In prior editions of the game (just about all of them) this is not what usually happened. What usually happened is PCs sought magical healing, or went without a few hit points. The risk of a wandering monster is so great with two full nights and a day of resting, that it simply was not worth it.

But if you want "long-term injuries" there should be a mechanic to represent it.

What would be your objection to regaining all your hit dice instead of all your hit points? Or some hit points and all your hit dice? Rather than an obscure system to represent a specific injury, all I am talking about is a general system to represent the fact that some injuries last longer than others (whatever those injuries might be).
 

darjr

I crit!
I don't like the rule as default either. I do think it changes what kind of game is default and makes it difficult to have a gritty dangerous deadly game.
 

Warbringer

Explorer
So for full disclosure I use wound conditions on top of hit point loss and I play you can only benefit from one healing per combat encounter (or per day if no combat).

That said, if healing is too quick and you don't want to screw around with subsystems, pay the long rest = 1 week; short rest = overnight. It doesn't change monster challenges, but will change pacing.

The alternate, cleric NPC or CLW wands/scrolls (ala 3e)
 

Plaguescarred

D&D Playtester for WoTC since 2012
I am also not fond of the ''Heal All'' aspect of the long rest. I hope the final product will have multiple options to choose from, like the Playtest Packets had at some point.
 

How does your group define hit points? Recall that D&D doesn't have an injury system and assumes hp are abstract ...

Your definition of hit points will point you toward a solution,
 

Mistwell

Crusty Old Meatwad (he/him)
How does your group define hit points? Recall that D&D doesn't have an injury system and assumes hp are abstract ...

Your definition of hit points will point you toward a solution,

Yes I addressed the abstraction issue, and I do not think it solves for this topic.

I think all groups include some form of physical injury at least some of the time, when concerning hit point loss.

Therefore, I think 100% non-magical healing 100% of the time after an 8 hour rest makes no sense, for all conceptions of hit points. I cannot think of a commonly used definition of what hit points are, that does not include some amount of physical injury which is more serious than a mere scratch that heals after a night of rest. Can you?

For example, are you aware of groups that would consider a single blow which costs a 10th level fighter 99% of his hit points, where the DM would describe that blow in such minor terms as receiving an injury that could be described as certainly healed entirely up naturally from a single good night's sleep?

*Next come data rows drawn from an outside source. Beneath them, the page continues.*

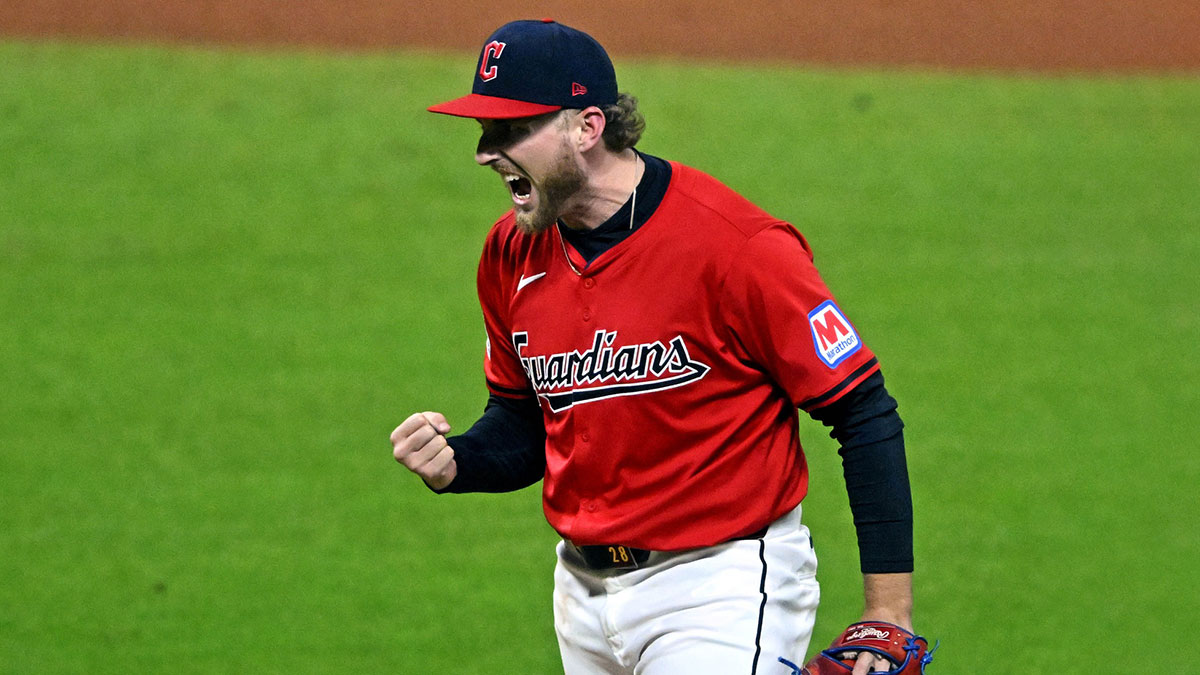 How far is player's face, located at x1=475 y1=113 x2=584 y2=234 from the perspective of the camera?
2846mm

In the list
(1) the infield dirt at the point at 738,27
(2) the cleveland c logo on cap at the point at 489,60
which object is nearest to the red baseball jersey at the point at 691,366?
(2) the cleveland c logo on cap at the point at 489,60

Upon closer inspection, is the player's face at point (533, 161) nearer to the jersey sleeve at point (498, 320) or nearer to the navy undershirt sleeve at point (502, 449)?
the jersey sleeve at point (498, 320)

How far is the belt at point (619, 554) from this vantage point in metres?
2.90

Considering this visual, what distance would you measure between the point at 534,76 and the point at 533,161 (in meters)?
0.16

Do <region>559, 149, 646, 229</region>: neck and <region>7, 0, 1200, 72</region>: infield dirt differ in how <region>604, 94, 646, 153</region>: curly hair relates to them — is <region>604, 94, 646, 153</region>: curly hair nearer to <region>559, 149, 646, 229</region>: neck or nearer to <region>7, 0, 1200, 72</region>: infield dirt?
<region>559, 149, 646, 229</region>: neck

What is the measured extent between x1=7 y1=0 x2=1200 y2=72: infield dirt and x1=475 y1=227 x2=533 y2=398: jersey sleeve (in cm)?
931

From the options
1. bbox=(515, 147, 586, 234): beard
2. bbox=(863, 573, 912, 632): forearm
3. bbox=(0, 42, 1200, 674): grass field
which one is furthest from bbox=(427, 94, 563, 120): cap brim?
bbox=(0, 42, 1200, 674): grass field

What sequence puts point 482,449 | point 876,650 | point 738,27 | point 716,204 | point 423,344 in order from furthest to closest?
1. point 738,27
2. point 423,344
3. point 482,449
4. point 716,204
5. point 876,650

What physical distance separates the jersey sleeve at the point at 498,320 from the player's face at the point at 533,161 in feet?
0.95

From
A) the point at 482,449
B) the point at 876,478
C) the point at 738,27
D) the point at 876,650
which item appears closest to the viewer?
the point at 876,650

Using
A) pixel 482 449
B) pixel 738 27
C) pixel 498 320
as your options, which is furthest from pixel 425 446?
pixel 738 27

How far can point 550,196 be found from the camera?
2.85 meters

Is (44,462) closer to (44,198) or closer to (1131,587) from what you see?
(44,198)

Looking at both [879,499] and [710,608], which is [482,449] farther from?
[879,499] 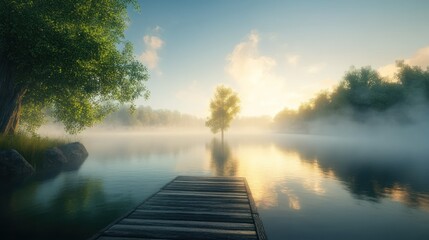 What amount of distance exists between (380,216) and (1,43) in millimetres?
27834

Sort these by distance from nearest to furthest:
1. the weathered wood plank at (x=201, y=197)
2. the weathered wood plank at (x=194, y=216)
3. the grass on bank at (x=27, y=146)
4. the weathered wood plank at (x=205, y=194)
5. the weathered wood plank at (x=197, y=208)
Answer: the weathered wood plank at (x=194, y=216)
the weathered wood plank at (x=197, y=208)
the weathered wood plank at (x=201, y=197)
the weathered wood plank at (x=205, y=194)
the grass on bank at (x=27, y=146)

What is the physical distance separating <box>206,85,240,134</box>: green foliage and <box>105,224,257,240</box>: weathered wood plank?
247 feet

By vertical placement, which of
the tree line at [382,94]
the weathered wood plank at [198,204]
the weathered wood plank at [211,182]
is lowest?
the weathered wood plank at [211,182]

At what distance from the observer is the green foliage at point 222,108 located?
8406cm

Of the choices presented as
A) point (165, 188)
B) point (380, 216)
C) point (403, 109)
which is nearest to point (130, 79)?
point (165, 188)

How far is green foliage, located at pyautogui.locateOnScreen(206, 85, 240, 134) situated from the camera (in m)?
84.1

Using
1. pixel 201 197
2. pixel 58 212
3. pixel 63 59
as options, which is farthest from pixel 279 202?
pixel 63 59

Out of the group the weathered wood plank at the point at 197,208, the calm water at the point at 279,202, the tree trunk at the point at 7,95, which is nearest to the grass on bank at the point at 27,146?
the tree trunk at the point at 7,95

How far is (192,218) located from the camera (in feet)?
31.2

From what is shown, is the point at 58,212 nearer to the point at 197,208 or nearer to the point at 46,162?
the point at 197,208

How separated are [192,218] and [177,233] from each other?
1.58 metres

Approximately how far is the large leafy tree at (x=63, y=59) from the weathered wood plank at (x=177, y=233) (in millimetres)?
15547

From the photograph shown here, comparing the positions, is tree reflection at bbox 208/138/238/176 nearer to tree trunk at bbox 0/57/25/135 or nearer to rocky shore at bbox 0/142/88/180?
rocky shore at bbox 0/142/88/180

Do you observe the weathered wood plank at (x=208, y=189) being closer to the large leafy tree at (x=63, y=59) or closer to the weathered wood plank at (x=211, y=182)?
the weathered wood plank at (x=211, y=182)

To be more specific, can you imagine describing, in any game, such a fighter taking a direct hit from a full blast of a red dragons fiery breath, losing all but 1 hit point, and then just bouncing back to full hit points the very next day naturally with absolute certainty every time, under any definition of hit points you know of? I can't. Every group I know of would want at least some chance that the fighter would not be 100% healed after just the nights sleep. They'd all assume magical healing would at least possibly be needed for such a quick recovery.